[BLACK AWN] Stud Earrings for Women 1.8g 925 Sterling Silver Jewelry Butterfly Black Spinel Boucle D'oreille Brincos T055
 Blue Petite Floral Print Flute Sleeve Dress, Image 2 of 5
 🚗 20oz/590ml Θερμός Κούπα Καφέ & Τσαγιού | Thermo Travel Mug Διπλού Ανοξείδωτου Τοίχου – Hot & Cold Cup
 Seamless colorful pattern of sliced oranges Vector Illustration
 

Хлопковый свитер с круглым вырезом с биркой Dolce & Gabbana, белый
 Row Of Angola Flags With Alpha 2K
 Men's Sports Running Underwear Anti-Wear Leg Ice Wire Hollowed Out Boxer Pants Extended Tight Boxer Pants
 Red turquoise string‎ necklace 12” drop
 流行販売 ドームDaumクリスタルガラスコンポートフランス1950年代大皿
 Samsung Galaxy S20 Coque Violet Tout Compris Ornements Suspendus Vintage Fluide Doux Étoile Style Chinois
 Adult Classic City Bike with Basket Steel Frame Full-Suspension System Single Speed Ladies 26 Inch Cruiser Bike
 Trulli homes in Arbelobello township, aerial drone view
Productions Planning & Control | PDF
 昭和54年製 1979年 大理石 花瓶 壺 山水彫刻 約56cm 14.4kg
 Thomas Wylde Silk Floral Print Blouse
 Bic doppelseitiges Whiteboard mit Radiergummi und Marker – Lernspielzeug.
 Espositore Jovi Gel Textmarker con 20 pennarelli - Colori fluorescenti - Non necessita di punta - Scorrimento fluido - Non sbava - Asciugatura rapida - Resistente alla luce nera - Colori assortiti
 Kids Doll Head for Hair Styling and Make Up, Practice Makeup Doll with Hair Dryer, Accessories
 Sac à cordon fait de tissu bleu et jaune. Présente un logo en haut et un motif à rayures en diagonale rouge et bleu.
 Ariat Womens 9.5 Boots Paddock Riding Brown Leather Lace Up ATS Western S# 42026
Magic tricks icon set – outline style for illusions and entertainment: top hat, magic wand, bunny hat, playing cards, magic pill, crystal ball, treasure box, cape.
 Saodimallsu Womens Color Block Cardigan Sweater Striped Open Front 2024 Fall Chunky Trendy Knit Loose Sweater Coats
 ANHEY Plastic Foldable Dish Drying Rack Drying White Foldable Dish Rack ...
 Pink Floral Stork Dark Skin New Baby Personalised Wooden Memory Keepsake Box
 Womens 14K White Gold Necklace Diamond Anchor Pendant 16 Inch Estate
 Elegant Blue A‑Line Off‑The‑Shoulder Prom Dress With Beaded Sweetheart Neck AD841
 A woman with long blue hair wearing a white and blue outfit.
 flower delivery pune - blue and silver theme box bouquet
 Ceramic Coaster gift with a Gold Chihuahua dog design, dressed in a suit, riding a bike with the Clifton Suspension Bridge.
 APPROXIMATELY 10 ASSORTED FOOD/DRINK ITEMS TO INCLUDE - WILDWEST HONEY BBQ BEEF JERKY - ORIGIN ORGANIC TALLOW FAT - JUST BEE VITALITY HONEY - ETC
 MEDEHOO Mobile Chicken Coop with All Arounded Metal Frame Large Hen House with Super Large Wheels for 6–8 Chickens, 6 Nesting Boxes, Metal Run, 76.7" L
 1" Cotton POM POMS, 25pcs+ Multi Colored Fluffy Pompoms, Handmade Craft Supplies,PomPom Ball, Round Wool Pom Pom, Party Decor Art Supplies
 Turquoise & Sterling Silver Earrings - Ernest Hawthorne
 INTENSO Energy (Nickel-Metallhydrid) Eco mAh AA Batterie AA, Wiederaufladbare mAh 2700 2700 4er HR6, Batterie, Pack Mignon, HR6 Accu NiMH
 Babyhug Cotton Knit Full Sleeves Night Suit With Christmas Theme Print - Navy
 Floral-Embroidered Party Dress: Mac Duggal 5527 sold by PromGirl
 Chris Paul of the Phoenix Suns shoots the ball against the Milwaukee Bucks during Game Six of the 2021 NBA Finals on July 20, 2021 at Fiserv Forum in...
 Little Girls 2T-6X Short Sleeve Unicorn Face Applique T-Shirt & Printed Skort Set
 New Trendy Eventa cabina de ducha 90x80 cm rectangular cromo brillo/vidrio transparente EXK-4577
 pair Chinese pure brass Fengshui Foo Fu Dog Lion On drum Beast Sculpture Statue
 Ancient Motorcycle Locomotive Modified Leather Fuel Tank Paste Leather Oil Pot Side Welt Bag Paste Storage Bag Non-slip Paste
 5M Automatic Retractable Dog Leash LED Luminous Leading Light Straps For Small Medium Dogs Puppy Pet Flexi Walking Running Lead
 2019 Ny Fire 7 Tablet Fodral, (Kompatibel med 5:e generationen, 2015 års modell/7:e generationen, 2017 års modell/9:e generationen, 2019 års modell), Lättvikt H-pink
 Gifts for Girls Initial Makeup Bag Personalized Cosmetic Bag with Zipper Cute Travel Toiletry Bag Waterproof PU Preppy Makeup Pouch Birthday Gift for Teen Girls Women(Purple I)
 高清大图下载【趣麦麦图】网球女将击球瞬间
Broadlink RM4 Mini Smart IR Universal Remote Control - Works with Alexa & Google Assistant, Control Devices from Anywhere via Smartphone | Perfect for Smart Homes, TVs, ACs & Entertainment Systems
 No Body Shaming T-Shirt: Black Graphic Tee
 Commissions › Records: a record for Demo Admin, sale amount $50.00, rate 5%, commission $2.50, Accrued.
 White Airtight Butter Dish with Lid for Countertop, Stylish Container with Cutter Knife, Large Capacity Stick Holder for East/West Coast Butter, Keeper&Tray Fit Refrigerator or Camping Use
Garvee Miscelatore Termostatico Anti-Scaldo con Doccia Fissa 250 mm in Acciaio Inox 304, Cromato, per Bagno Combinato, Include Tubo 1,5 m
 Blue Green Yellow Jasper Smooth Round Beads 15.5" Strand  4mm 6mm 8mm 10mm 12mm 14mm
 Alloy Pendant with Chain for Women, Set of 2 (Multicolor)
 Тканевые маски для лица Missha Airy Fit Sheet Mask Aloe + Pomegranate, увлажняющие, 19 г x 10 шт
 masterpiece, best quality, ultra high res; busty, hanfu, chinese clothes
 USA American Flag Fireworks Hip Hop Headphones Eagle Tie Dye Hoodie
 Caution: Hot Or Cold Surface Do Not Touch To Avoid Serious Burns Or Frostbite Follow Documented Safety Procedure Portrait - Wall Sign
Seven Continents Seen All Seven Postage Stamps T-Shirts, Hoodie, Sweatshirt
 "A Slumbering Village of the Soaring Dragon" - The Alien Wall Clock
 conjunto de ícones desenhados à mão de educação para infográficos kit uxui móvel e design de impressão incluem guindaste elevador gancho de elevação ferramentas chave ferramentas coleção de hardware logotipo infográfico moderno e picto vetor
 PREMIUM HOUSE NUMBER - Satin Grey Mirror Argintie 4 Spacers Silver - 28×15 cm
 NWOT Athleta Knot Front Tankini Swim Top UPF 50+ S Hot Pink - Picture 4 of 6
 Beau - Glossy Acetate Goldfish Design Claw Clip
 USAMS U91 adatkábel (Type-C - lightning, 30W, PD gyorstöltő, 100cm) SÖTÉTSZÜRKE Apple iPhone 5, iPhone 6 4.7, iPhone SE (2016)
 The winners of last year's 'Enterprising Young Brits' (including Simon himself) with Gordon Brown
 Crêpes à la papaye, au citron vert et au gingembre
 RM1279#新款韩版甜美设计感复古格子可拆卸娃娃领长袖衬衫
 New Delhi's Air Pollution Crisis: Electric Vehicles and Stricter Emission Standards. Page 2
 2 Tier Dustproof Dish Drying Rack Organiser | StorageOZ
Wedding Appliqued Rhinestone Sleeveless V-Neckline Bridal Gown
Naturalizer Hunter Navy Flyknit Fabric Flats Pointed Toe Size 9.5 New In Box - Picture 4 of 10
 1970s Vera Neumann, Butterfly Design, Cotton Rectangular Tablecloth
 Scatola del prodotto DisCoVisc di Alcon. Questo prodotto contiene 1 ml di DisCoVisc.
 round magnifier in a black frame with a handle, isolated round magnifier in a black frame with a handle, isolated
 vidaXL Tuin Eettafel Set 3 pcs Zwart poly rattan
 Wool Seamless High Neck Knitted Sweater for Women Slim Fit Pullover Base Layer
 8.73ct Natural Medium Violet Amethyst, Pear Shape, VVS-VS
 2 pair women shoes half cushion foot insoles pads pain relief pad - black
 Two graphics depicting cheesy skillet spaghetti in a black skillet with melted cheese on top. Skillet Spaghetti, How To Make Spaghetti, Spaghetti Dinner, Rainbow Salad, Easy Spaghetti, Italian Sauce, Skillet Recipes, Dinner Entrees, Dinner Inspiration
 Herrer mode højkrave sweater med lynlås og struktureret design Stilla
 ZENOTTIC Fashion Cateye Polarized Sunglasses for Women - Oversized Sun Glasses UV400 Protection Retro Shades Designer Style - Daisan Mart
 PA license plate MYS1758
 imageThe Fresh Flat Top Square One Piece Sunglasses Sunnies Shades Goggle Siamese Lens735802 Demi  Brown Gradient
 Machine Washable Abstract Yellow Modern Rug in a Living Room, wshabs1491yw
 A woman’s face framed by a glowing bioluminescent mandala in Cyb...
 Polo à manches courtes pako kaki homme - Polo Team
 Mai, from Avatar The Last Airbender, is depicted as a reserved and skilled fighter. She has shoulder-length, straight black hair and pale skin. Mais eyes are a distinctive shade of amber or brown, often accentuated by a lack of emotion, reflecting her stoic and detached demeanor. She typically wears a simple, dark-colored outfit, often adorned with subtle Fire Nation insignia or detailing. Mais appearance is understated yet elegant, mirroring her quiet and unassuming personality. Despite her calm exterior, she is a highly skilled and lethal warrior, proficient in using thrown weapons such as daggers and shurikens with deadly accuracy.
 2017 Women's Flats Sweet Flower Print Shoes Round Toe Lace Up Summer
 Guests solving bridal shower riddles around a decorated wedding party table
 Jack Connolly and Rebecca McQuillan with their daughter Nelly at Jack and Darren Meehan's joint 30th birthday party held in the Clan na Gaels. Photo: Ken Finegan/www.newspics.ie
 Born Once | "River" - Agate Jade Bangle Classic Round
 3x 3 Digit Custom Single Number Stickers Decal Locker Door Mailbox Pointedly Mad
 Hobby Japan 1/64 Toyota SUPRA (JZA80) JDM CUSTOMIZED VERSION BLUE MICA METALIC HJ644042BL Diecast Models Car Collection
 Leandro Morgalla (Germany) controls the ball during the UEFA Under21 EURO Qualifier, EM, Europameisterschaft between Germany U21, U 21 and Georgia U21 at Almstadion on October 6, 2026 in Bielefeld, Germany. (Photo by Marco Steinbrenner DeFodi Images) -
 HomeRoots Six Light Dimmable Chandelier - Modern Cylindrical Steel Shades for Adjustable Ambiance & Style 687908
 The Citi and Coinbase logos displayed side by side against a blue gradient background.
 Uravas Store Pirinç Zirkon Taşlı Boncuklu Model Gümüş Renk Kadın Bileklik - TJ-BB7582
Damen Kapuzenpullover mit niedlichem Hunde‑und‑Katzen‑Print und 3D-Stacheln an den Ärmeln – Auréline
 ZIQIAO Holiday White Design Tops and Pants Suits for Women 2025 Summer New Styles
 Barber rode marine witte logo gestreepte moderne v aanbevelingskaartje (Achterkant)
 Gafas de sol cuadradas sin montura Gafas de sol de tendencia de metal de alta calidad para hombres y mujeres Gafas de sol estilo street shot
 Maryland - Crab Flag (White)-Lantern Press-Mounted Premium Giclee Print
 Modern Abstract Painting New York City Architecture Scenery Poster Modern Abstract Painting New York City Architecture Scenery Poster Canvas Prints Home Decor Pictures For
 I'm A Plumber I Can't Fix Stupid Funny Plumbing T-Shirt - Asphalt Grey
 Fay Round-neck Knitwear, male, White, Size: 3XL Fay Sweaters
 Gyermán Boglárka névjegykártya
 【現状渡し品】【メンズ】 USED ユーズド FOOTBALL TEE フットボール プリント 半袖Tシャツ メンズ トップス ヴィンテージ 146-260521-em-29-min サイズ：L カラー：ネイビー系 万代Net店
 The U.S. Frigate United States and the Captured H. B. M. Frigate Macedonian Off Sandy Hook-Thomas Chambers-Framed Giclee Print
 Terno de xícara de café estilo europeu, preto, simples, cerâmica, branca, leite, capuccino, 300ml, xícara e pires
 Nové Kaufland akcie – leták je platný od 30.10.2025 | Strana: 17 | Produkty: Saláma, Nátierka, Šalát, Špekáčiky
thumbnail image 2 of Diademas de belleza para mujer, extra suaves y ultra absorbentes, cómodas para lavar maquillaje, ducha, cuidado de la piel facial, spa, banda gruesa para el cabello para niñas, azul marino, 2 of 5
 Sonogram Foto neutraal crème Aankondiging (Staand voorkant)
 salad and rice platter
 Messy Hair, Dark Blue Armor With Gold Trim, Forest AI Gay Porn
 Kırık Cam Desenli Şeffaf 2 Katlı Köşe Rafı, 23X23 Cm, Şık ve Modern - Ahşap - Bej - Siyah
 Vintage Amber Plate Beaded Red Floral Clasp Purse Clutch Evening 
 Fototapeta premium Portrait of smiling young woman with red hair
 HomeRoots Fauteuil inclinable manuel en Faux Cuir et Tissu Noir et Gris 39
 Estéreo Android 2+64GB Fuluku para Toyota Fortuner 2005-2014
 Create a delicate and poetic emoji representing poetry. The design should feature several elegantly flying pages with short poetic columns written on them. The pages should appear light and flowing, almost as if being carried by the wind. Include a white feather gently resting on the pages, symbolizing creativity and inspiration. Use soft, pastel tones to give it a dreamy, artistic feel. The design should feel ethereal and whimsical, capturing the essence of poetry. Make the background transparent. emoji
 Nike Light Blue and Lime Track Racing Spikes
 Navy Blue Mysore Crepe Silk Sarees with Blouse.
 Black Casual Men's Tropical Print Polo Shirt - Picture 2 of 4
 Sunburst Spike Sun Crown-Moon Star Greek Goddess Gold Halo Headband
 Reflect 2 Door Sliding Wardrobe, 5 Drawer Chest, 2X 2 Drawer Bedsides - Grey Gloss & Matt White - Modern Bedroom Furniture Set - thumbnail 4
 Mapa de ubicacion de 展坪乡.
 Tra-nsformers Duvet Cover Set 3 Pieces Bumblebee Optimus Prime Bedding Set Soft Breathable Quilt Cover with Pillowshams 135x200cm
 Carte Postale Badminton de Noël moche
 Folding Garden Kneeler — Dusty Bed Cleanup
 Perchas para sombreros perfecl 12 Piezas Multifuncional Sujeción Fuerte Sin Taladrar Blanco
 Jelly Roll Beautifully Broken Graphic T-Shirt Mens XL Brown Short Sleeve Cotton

※ ※ ※

* _Problem description_
Out of the data above, transcribe exactly and only the lines starting with the line that has "Caution: Hot Or" and going on through the line that has "Wedding Appliqued Rhinestone", both included.

* _Exercise output_
 Caution: Hot Or Cold Surface Do Not Touch To Avoid Serious Burns Or Frostbite Follow Documented Safety Procedure Portrait - Wall Sign
Seven Continents Seen All Seven Postage Stamps T-Shirts, Hoodie, Sweatshirt
 "A Slumbering Village of the Soaring Dragon" - The Alien Wall Clock
 conjunto de ícones desenhados à mão de educação para infográficos kit uxui móvel e design de impressão incluem guindaste elevador gancho de elevação ferramentas chave ferramentas coleção de hardware logotipo infográfico moderno e picto vetor
 PREMIUM HOUSE NUMBER - Satin Grey Mirror Argintie 4 Spacers Silver - 28×15 cm
 NWOT Athleta Knot Front Tankini Swim Top UPF 50+ S Hot Pink - Picture 4 of 6
 Beau - Glossy Acetate Goldfish Design Claw Clip
 USAMS U91 adatkábel (Type-C - lightning, 30W, PD gyorstöltő, 100cm) SÖTÉTSZÜRKE Apple iPhone 5, iPhone 6 4.7, iPhone SE (2016)
 The winners of last year's 'Enterprising Young Brits' (including Simon himself) with Gordon Brown
 Crêpes à la papaye, au citron vert et au gingembre
 RM1279#新款韩版甜美设计感复古格子可拆卸娃娃领长袖衬衫
 New Delhi's Air Pollution Crisis: Electric Vehicles and Stricter Emission Standards. Page 2
 2 Tier Dustproof Dish Drying Rack Organiser | StorageOZ
Wedding Appliqued Rhinestone Sleeveless V-Neckline Bridal Gown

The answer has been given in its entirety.